• **Instructions to follow**:
Nothing but the lines below between the line holding "Sigo loco como siempre" and the line holding "innocentlilsarah online show", inclusive, should appear in the answer, each set down exactly.

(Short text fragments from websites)
________
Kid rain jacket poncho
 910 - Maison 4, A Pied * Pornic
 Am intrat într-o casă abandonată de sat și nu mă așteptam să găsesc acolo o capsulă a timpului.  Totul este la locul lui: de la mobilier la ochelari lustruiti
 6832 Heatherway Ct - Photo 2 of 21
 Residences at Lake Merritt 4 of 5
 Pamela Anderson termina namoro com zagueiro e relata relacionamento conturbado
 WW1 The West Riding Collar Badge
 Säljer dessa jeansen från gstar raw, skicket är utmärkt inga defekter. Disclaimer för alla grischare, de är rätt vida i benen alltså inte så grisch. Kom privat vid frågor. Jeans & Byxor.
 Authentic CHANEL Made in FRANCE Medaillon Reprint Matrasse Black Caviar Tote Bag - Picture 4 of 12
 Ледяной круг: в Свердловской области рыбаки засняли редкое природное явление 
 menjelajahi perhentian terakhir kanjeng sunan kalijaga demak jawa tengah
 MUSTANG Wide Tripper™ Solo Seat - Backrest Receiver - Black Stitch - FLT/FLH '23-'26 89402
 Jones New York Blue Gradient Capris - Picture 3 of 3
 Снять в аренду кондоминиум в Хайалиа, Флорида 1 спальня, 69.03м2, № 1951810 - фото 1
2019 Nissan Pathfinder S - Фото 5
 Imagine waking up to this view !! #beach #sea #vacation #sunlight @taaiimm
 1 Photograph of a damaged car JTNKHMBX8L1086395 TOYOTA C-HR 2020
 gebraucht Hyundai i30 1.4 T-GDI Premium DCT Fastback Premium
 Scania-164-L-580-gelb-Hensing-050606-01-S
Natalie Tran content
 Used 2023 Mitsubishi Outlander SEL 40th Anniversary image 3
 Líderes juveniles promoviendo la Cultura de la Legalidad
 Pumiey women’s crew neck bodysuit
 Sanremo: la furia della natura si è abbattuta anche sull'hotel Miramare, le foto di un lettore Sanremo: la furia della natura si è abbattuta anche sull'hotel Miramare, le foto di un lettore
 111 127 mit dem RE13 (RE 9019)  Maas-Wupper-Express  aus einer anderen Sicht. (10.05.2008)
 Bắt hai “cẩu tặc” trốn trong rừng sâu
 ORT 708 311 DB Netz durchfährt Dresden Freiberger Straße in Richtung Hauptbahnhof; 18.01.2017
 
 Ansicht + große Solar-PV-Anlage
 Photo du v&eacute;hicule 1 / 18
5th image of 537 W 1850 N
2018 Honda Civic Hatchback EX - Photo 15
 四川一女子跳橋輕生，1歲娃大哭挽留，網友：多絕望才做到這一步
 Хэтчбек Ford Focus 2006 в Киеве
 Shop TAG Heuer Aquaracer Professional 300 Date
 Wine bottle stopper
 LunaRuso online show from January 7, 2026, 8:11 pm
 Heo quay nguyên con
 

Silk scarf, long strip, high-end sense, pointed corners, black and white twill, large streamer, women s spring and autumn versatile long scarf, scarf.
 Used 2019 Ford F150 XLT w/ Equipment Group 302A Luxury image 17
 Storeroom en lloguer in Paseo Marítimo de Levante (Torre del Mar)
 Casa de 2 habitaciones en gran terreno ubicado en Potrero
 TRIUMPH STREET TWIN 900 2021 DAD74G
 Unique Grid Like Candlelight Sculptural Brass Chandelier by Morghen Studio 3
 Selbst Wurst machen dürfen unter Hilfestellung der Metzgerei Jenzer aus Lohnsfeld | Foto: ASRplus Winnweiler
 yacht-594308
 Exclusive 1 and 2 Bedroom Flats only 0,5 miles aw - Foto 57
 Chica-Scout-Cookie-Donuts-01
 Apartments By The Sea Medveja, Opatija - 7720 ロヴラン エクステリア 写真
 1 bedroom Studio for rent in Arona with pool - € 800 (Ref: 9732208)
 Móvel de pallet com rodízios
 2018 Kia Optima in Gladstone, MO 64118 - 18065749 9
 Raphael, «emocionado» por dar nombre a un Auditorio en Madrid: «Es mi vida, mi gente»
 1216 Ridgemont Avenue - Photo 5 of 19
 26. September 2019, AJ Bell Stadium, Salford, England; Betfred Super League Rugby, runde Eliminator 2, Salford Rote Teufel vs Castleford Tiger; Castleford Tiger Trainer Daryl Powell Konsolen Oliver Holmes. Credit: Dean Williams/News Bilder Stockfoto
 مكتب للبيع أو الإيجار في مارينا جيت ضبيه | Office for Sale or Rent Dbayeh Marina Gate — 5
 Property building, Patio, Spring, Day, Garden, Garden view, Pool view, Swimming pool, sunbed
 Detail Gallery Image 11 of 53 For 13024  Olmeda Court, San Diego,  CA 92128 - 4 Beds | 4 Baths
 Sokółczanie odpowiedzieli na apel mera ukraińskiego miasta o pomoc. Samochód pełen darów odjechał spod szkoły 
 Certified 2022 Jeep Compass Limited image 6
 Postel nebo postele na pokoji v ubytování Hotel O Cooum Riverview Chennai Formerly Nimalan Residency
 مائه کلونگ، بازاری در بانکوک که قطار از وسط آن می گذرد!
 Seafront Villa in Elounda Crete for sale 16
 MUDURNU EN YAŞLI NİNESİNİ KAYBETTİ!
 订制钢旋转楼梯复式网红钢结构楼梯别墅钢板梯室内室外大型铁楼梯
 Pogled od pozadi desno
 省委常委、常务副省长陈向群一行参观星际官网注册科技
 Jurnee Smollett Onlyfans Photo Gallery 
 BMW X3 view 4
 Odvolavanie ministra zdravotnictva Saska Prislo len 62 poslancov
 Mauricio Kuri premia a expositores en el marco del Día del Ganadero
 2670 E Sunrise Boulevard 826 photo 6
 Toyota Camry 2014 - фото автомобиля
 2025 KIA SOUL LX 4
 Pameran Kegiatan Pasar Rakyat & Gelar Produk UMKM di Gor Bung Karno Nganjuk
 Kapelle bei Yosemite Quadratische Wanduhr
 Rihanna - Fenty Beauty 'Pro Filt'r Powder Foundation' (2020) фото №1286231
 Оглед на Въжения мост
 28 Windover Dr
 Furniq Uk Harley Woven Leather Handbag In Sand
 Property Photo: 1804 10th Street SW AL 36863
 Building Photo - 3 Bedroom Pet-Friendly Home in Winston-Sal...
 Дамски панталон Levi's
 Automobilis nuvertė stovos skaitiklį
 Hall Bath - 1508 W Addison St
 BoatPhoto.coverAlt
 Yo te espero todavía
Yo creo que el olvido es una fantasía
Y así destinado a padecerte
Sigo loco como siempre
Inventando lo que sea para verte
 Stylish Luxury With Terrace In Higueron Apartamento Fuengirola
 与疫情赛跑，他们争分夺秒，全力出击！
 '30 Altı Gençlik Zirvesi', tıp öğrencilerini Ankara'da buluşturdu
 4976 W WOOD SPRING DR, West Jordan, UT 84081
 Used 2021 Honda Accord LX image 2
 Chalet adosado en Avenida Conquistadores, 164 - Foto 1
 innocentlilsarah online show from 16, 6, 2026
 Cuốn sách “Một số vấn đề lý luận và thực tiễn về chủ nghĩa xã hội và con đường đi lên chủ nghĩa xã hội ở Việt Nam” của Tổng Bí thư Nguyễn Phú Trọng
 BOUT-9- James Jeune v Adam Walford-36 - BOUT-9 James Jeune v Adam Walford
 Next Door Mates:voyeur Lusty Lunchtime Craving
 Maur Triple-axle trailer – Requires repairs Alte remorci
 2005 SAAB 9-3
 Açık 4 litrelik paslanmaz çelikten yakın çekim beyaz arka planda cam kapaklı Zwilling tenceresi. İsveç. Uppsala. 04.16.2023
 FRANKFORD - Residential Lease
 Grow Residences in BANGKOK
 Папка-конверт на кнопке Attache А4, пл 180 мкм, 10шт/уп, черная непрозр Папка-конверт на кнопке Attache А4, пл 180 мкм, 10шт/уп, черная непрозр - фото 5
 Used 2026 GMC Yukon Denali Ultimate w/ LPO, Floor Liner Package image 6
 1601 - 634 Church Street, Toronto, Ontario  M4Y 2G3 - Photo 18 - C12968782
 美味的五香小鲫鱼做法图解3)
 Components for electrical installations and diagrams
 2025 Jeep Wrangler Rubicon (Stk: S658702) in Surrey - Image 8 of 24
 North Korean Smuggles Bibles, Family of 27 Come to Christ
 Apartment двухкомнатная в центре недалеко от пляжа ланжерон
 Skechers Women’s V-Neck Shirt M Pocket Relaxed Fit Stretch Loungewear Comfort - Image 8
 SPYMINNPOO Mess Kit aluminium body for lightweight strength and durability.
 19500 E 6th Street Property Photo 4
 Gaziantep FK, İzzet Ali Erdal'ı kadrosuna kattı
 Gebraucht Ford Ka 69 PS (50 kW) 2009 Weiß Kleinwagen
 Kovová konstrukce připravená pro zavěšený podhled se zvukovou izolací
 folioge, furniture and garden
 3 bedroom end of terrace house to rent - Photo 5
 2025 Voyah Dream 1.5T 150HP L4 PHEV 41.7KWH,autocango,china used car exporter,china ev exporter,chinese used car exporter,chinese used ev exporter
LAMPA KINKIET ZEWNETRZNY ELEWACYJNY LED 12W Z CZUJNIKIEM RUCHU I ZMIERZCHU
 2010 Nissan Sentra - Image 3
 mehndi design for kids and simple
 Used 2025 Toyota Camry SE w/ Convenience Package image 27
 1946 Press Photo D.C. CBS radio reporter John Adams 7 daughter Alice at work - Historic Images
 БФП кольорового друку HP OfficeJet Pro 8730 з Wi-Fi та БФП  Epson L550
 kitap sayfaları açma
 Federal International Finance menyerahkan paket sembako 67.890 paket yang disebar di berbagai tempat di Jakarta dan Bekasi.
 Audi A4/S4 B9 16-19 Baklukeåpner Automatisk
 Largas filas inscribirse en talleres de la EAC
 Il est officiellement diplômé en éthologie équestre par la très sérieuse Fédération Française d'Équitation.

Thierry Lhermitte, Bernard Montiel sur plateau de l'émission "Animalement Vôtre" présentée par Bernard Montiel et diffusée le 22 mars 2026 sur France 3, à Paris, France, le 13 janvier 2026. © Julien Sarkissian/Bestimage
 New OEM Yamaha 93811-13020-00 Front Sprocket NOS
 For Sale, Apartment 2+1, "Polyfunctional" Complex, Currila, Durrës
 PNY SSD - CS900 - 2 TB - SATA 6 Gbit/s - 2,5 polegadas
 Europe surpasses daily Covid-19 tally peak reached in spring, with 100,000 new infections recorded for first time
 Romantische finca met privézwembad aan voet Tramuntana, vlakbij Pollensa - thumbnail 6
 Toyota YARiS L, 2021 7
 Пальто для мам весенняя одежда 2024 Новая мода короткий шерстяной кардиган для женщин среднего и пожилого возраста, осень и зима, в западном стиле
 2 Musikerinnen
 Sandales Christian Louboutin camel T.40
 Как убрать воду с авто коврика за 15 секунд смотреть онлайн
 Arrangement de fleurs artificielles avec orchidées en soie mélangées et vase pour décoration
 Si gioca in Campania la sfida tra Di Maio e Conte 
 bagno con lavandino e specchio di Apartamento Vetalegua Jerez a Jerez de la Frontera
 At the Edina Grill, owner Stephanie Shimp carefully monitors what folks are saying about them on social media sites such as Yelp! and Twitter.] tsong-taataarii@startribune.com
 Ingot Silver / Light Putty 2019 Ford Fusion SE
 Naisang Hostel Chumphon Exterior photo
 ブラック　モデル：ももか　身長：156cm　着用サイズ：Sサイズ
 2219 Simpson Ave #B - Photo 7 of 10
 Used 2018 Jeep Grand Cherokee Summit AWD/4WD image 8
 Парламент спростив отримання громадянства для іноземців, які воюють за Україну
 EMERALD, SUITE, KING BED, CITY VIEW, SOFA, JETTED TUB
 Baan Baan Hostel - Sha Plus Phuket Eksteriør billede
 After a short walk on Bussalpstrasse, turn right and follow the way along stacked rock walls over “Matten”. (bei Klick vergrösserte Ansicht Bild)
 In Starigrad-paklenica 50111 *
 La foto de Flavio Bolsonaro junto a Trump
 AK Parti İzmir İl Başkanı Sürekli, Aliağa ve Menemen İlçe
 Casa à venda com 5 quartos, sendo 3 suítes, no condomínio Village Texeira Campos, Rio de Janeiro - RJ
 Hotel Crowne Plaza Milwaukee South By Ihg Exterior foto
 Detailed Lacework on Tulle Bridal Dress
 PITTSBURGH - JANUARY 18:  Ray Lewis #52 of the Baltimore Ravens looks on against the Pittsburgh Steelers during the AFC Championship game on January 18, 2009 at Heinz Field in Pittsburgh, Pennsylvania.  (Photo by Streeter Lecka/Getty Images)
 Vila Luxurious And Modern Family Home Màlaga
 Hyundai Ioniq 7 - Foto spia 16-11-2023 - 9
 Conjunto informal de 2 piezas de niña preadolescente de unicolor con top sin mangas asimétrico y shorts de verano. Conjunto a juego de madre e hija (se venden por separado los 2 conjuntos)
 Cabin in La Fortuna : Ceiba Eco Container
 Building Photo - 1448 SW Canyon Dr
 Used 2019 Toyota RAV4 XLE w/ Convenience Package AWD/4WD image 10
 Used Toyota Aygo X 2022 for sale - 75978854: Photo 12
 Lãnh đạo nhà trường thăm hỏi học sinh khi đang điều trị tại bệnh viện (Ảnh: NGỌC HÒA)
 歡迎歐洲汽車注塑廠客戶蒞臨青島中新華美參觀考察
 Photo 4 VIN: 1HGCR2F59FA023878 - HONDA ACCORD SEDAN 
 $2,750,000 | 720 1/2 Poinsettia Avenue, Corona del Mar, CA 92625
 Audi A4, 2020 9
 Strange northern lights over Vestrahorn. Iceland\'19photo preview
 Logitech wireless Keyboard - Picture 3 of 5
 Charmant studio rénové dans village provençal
________
• **Answer below**:
Sigo loco como siempre
Inventando lo que sea para verte
 Stylish Luxury With Terrace In Higueron Apartamento Fuengirola
 与疫情赛跑，他们争分夺秒，全力出击！
 '30 Altı Gençlik Zirvesi', tıp öğrencilerini Ankara'da buluşturdu
 4976 W WOOD SPRING DR, West Jordan, UT 84081
 Used 2021 Honda Accord LX image 2
 Chalet adosado en Avenida Conquistadores, 164 - Foto 1
 innocentlilsarah online show from 16, 6, 2026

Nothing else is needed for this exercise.